- _Aim of the exercise_
Write out, unaltered, each line from the top of the records below down to the line where "Sign Corrosive: How" appears, that line included.

- _Material for this exercise_
┌──

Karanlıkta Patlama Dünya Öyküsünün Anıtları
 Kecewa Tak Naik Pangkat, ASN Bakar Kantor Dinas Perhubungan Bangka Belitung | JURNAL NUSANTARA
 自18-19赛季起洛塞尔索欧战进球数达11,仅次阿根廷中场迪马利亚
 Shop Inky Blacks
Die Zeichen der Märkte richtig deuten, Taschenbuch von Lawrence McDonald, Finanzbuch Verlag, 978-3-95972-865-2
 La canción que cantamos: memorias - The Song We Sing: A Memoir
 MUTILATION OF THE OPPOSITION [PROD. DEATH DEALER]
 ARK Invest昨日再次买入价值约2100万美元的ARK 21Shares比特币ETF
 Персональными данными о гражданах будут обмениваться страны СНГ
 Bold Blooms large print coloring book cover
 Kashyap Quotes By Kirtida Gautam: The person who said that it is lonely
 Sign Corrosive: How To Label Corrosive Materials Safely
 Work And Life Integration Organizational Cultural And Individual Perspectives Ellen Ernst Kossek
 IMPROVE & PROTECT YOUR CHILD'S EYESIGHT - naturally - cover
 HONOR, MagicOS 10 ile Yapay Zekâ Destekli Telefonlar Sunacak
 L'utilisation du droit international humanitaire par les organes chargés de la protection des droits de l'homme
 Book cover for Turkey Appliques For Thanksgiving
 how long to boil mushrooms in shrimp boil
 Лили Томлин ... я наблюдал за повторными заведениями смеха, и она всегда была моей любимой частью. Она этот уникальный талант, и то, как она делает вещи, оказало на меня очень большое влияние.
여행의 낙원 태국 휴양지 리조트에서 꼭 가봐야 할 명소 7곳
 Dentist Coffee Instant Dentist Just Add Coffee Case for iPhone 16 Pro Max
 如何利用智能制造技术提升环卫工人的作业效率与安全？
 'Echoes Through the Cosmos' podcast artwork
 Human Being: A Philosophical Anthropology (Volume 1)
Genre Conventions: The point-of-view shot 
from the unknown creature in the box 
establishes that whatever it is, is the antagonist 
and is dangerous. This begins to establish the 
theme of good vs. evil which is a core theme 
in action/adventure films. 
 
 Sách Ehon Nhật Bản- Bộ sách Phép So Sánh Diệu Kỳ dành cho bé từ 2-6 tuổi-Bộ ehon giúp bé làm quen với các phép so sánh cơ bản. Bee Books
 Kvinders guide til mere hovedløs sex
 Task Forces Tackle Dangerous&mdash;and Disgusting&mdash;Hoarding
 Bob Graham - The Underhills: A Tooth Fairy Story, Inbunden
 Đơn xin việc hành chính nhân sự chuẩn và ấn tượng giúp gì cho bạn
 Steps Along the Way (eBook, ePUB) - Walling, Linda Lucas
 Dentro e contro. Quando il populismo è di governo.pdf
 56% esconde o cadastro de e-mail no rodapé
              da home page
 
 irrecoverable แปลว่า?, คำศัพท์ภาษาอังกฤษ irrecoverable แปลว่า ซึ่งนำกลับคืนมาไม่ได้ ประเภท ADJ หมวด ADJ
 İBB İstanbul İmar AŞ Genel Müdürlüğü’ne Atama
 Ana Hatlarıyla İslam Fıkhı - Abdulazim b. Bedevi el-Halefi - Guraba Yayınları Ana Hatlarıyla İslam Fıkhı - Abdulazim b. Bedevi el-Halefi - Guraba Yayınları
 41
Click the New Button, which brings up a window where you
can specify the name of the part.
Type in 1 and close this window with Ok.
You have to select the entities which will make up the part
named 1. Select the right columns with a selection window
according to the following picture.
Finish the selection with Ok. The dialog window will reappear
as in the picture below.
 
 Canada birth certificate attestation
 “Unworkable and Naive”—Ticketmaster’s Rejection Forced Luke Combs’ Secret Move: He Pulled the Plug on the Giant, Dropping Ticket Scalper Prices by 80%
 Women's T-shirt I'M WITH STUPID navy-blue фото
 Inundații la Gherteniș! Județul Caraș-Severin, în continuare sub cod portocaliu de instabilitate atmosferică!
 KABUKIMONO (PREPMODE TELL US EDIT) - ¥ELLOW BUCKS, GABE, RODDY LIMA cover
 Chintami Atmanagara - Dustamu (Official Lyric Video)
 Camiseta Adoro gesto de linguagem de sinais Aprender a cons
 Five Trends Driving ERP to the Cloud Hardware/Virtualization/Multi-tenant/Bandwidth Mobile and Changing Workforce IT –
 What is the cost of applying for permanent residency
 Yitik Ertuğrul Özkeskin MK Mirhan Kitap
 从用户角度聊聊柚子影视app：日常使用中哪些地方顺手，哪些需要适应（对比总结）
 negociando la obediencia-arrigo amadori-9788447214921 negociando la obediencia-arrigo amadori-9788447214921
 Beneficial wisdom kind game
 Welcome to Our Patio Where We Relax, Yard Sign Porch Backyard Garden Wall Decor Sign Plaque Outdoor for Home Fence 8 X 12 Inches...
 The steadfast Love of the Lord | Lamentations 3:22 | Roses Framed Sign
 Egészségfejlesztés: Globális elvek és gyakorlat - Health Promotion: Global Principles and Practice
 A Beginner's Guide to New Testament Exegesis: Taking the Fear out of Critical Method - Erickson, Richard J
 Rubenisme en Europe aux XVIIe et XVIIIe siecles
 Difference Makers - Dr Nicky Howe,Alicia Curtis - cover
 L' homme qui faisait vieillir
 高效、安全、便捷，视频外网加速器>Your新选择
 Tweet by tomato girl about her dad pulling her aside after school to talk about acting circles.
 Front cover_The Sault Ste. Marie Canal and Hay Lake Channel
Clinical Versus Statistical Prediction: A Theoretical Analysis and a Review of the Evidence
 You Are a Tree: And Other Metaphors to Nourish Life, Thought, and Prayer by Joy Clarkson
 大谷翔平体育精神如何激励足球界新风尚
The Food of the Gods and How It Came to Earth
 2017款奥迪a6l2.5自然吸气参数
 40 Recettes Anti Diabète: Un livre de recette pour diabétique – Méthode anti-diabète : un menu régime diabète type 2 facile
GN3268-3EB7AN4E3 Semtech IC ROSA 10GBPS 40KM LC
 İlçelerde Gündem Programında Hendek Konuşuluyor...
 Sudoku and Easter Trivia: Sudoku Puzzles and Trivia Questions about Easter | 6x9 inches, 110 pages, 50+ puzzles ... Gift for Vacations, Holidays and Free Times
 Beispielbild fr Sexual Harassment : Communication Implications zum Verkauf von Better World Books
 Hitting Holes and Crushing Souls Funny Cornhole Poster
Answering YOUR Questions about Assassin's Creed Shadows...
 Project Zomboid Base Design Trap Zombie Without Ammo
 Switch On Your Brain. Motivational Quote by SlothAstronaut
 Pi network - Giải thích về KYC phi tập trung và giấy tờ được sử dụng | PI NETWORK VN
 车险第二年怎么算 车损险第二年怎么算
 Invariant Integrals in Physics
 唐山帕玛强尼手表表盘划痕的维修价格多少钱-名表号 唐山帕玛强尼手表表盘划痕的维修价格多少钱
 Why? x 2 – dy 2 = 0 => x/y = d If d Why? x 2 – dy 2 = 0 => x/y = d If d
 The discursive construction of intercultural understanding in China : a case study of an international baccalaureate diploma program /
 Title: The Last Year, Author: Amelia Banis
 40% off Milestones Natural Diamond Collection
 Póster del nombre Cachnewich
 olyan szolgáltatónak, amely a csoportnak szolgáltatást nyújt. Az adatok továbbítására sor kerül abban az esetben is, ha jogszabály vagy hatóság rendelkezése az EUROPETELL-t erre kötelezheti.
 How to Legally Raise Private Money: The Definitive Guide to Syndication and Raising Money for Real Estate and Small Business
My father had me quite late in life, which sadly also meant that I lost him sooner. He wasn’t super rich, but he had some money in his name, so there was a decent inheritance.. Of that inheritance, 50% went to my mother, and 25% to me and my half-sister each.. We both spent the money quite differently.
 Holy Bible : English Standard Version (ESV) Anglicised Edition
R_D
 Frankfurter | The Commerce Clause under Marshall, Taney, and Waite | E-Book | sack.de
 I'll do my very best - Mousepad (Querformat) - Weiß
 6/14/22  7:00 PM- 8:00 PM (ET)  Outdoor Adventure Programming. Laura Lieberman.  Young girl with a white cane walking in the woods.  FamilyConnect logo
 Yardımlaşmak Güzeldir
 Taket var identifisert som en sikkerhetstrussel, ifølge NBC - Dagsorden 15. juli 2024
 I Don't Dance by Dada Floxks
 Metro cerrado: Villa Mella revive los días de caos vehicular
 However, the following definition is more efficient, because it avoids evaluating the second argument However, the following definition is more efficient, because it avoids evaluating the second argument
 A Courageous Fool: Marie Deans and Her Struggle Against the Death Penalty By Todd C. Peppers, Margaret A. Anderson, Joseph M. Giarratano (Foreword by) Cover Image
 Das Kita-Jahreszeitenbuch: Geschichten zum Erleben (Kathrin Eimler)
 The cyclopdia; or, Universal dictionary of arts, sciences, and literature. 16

└──

- _Result for this task_
Karanlıkta Patlama Dünya Öyküsünün Anıtları
 Kecewa Tak Naik Pangkat, ASN Bakar Kantor Dinas Perhubungan Bangka Belitung | JURNAL NUSANTARA
 自18-19赛季起洛塞尔索欧战进球数达11,仅次阿根廷中场迪马利亚
 Shop Inky Blacks
Die Zeichen der Märkte richtig deuten, Taschenbuch von Lawrence McDonald, Finanzbuch Verlag, 978-3-95972-865-2
 La canción que cantamos: memorias - The Song We Sing: A Memoir
 MUTILATION OF THE OPPOSITION [PROD. DEATH DEALER]
 ARK Invest昨日再次买入价值约2100万美元的ARK 21Shares比特币ETF
 Персональными данными о гражданах будут обмениваться страны СНГ
 Bold Blooms large print coloring book cover
 Kashyap Quotes By Kirtida Gautam: The person who said that it is lonely
 Sign Corrosive: How To Label Corrosive Materials Safely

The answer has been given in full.